In the present study, our goal was to develop an effective machine learning model to detect, categorize, and separate multiple audio sources based on peaks. We had a comprehensive dataset with over 10,000 audio files from 20 unique musical instruments. Employing the FFT technique, we transmuted audio data into visually interpretable graphs, depicting harmonic frequency peaks that define each instrument’s auditory identity. These peaks not only served as the crux of our analysis but also facilitated the categorization and differentiation of instruments, defining peak features such as magnitude, frequency, and peak number. This quantitative features database was used to create a robust classification machine learning model.
The algorithm was proficient in differentiating between instruments using features we extracted from audio files. It underwent rigorous training spanning 1000 epochs, each iteration honing its ability to discern instrument-specific features, ultimately exhibiting an appreciable accuracy of approximately 50% on the presented dataset.
Our future plans are to complete the separation aspect of the project, which will require further utilization of machine learning and signal processing techniques. While we were able to successfully extract information on the instruments’ audio files and characterize them and train an accurate ML model that could recognize them, we hope to develop a full system that is able to separate a symphony orchestra’s playing into individual parts and detect each of the instruments playing at any moment. We envision a comprehensive system that can dissect a symphonic performance into its constituent parts and isolate each instrument’s contribution.
Our research unveils a pioneering system that bridges the gap between machine perception and musical composition. Through advanced signal processing techniques and machine learning, we have shed light onto the intricacies of audio source separation and instrument identification. By integrating AI and audio, our research uncovers new avenues for efficient music composition, enhanced music recommendation systems, and much more.

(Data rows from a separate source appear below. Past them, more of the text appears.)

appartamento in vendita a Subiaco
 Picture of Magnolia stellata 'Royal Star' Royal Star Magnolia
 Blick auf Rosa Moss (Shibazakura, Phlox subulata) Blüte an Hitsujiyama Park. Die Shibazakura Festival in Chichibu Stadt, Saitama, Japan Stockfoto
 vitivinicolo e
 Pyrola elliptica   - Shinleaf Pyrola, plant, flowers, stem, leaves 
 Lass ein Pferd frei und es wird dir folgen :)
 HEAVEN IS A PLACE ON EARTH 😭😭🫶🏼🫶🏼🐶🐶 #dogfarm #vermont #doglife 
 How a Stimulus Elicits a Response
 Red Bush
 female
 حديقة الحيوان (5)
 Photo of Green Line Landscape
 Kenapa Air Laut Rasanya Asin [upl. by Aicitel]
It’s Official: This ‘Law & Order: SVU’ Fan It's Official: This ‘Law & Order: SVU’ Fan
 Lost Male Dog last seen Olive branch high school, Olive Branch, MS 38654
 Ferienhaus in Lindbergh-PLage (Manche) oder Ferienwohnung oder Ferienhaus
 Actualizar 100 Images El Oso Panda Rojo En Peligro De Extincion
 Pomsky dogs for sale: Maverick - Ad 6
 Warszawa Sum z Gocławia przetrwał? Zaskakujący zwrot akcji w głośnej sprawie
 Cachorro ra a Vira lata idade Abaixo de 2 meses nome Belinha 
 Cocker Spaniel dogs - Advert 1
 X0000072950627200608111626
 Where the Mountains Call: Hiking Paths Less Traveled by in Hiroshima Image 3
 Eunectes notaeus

- E. Cano, D. FitzGerald, A. Liutkus, M. D. Plumbley and F. -R. Stöter, “Musical Source Separation: An Introduction,” in IEEE Signal Processing Magazine, vol. 36, no. 1, pp. 31-40, Jan. 2019, doi: 10.1109/MSP.2018.2874719.
- Grg, Pema. “Audio Signal Processing.” Medium, EKbana, 21 Mar. 2022, blog.ekbana.com/audio-signal-processing-f7e86d415489.
- Parker, Michael. Digital Signal Processing 101 : Everything You Need to Know to Get Started, Elsevier Science & Technology, 2010
- Talebi, Shawhin. “The Fast-Fourier Transform (FFT).” Medium, The Startup, 1 Apr. 2023, medium.com/swlh/the-fast-fourier-transform-fft-5e96cf637c38.